Heading up this weekend. Thursday - Sunday. Which mountain is the best in April conditions?


----------



## killclimbz (Aug 10, 2007)

They all have great conditions, so it doesn't really matter. Just depends on what you want to ride.


----------



## Nolefan2011 (Mar 12, 2011)

I just meant more along the lines of snow. I know it's warming up, and was wondering if one typically had better conditions about this time of year than others. I read A Basin is open the latest. Does that mean their snow is in the best shape this time of year? Guess I am basing it on weather patterns here. Does one typically get dumped on more in April?


----------



## killclimbz (Aug 10, 2007)

Everyone pretty much has 100% coverage. We've lost some snow pack and gained some. Generally speaking, the snowpack in Colorado reaches 100% of it's maximum depth around May 1st. Then the melt off starts in earnest. 

So conditions wise. Breck has gotten the most snow this season of any of the three you mentioned. If you are riding on 100" deep snow or 80" deep snow, is that going to really make a difference in your experience? I doubt it, everything is still well covered. 

A-Basin is the highest area, so if there was a storm coming in followed by a blue bird day the powder would hold longer there. Conversely, for warm spring conditions, A-Basin will take longer to thaw into that wonderful spring corn. 
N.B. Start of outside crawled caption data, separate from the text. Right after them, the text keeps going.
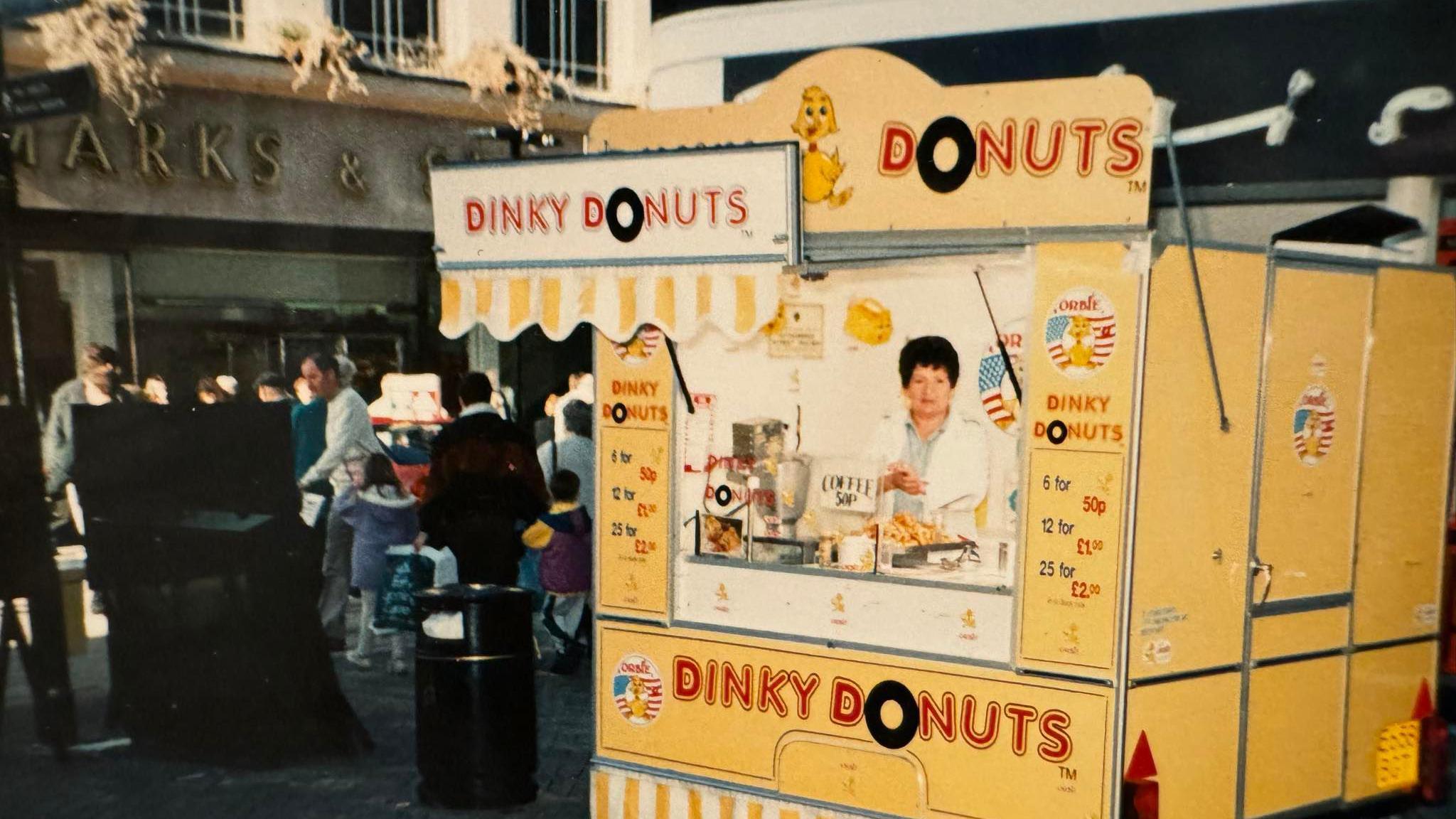 Lina working from her bright yellow doughnut stall in Bedford several years ago, with shoppers walking past the M&S.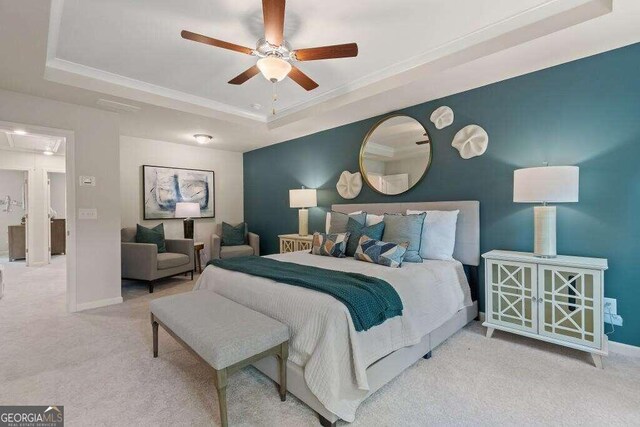 bedroom featuring ceiling fan, light colored carpet, crown molding, and a tray ceiling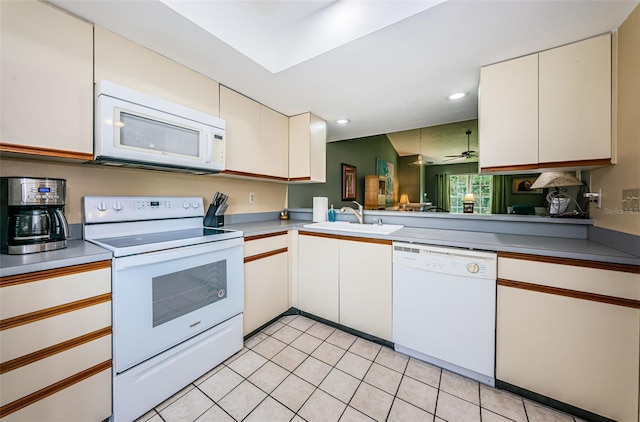 kitchen with white cabinetry, sink, ceiling fan, white appliances, and light tile patterned flooring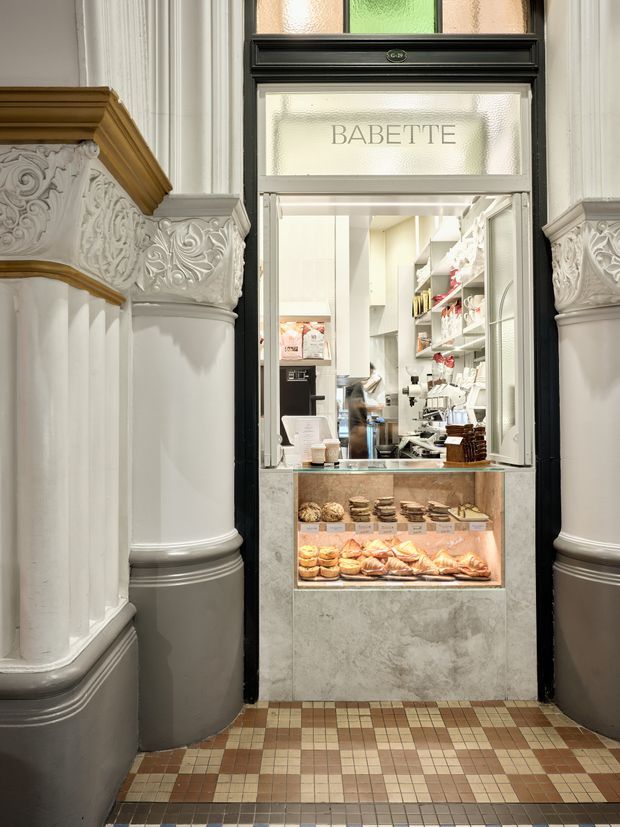 A small bakery or café service counter set within an ornate historic interior. The framed service opening has black trim and frosted glass signage reading “BABETTE,” with a marble-look counter and illuminated pastry display filled with breads and pastries. Behind it is a compact commercial kitchen with open shelving and equipment. The surrounding space features decorative white carved columns, classical mouldings, dark grey lower walls, and a patterned small-format tiled floor.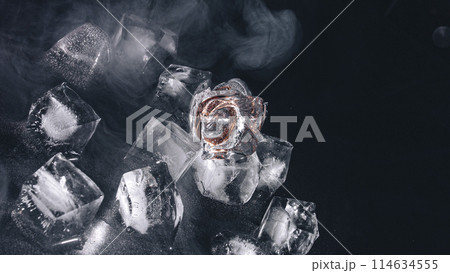 frozen rings in ice with water and smoke on black background frozen rings in ice with water and smoke on black background 114634555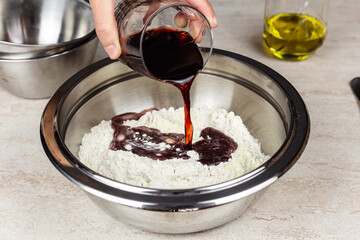 Woman's hands pouring red wine in a bowl with flour to prepare a recipe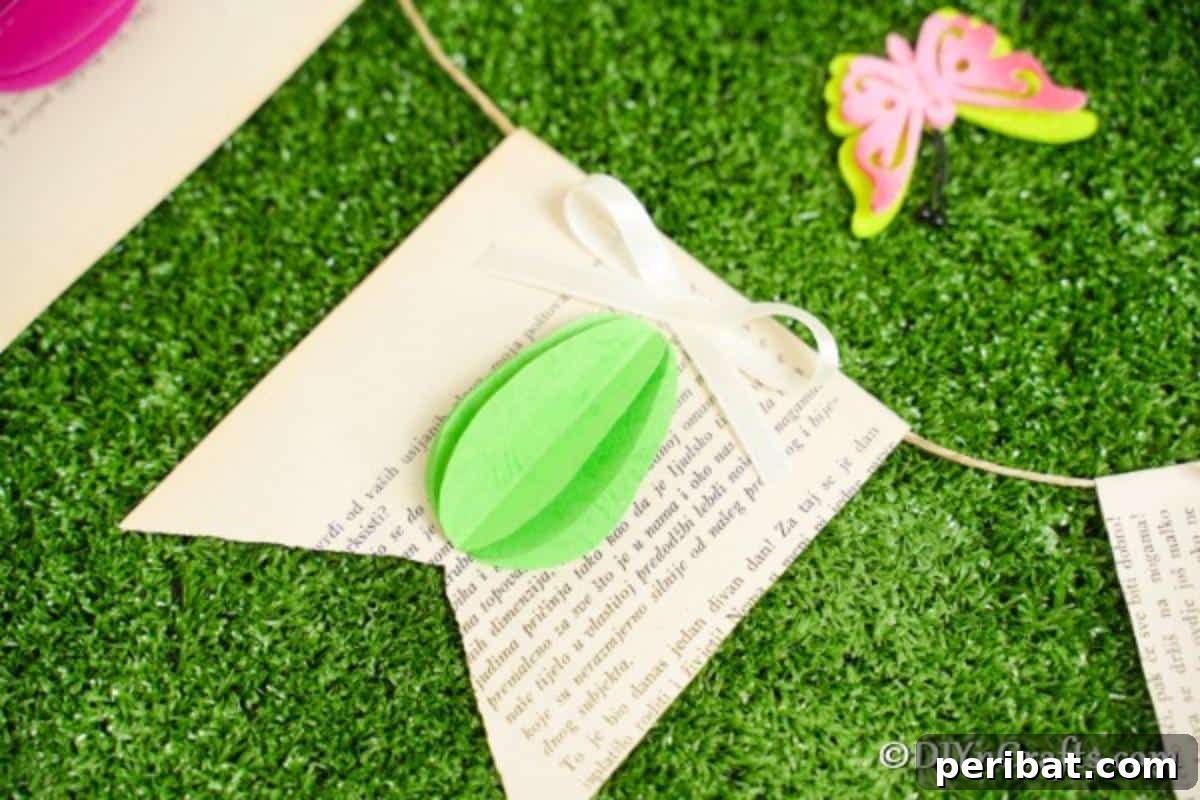 DIY Upcycled Book Page Easter Egg Garland Tutorial 5 Green 3D egg on old book page banner on grass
Again, they are all good, and right now it really isn't going to make a difference. So if you have one resort you prefer over the others, I'd just go to that one. It'll be fine. In fact, Breck and Winterpark will both be fine until the end of their seasons which is in a couple of weeks. If they stayed open for another month, then you'd probably have things to consider, but not right now.


----------



## Nolefan2011 (Mar 12, 2011)

Thanks for the feedback. I just made it simple and bought the 3 mountain pass for $199.00. I love Keystone, haven't tried A-Basin in a while.


----------



## neednsnow (Nov 30, 2007)

Good Effing God, man........with the storm riding in, you'll be good no matter where you go! Enjoy....unless your a Jimbo fan, then may it all turn to rain!:cheeky4:


----------



## killclimbz (Aug 10, 2007)

Well A-Basin is reporting 11" this morning. So the OP better be going there. Breck only got 4". Winterpark got a decent amount at 6", but A-Basin is the spot today. Get after it, cause after this it looks like sunshine, sunscreen, and corn for the next few days.


----------



## oak (Nov 12, 2009)

Anyone want to ride at abasin and/or winter park the week of the 25th? I plan to hit them on my way back to MN.


----------



## killclimbz (Aug 10, 2007)

You might be better off skipping Winterpark and going to A-Basin the week of the 25th. Winterpark's closing date is April 24th.


----------



## BurtonAvenger (Aug 14, 2007)

Little chundery underneath today not the most fun pow day.


----------



## sb60 (Oct 5, 2010)

Had a great time at Loveland today.


----------